Dann hat er auch noch unzählige Hörbücher eingesprochen. „Pu der Bär“ etwa, den er ebenso genial übersetzt hat wie viele andere Kinderbücher. Über das Sprechen, das er „ohne Schauspielerbetonung“ lieferte, hat er erklärt: „Das ist überhaupt nicht schwer. Zum Beispiel, die Stimme von I-Ah. Ich dachte, als ich das aufnahm, das ist ein bisschen zu sehr chargiert. Die Stimme habe ich zu 80 Prozent vom deutschen Romancier Georg Lenz geklaut und zu je zehn Prozent von Hildegard Knef und Peter Zadek. Kinder lieben eigentlich nur noch die Kapitel, in denen I-Ah vorkommt, weil der so schön knatschig spricht.“
Entspannen wollte Harry Rowohlt nie, auch nicht im Griechenlandurlaub
Man konnte sich fallen lassen in sein Erzählen, so schön war’s.
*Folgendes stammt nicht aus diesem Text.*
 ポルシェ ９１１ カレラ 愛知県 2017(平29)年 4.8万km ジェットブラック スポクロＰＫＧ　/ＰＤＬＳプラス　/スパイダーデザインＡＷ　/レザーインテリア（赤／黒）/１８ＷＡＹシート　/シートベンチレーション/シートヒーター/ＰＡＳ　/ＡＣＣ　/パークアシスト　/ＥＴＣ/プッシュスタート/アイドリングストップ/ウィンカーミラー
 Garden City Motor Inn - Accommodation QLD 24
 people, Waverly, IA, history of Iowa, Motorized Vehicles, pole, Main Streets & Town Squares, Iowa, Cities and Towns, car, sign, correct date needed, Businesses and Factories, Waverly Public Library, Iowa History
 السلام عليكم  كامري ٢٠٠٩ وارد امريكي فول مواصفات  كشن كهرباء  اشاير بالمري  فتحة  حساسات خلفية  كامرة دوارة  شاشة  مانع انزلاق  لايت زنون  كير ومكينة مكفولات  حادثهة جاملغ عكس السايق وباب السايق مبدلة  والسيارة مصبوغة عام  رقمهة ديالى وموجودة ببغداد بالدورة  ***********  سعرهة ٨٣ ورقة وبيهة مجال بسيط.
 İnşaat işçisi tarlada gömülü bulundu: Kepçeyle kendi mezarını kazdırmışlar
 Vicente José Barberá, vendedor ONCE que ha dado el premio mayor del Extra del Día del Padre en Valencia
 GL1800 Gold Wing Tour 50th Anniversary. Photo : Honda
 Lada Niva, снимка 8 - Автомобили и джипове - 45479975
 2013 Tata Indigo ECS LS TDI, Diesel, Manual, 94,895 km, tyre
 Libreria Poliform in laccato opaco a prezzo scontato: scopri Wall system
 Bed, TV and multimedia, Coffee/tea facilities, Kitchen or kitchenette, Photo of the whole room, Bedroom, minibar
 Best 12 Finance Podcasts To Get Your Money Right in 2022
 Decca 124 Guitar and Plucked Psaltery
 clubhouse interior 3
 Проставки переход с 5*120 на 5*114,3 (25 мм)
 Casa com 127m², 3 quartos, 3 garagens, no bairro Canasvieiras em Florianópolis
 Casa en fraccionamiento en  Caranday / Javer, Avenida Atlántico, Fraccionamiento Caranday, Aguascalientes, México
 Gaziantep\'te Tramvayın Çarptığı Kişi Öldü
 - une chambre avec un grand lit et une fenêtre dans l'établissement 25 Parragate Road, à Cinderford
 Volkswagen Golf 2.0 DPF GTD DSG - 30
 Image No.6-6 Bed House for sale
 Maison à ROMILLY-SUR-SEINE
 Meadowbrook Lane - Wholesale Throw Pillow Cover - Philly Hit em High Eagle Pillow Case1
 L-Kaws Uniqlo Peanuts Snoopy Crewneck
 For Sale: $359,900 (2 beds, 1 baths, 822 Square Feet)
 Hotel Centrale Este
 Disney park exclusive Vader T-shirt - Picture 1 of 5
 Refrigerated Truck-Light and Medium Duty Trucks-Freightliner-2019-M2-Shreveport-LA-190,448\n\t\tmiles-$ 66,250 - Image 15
Rowohlt beherrschte Dialekte, konnte Menschen nachmachen, war „sprachverliebt bis zur Sprachbesessenheit“, wie ihm die Jury des Deutschen Jugendliteraturpreises attestierte, die „Komik, Schrägheit, Hintersinn, Skurrilität, Absurdität, Übertreibung und Genialität“ in seinen Übersetzungen ausmachte.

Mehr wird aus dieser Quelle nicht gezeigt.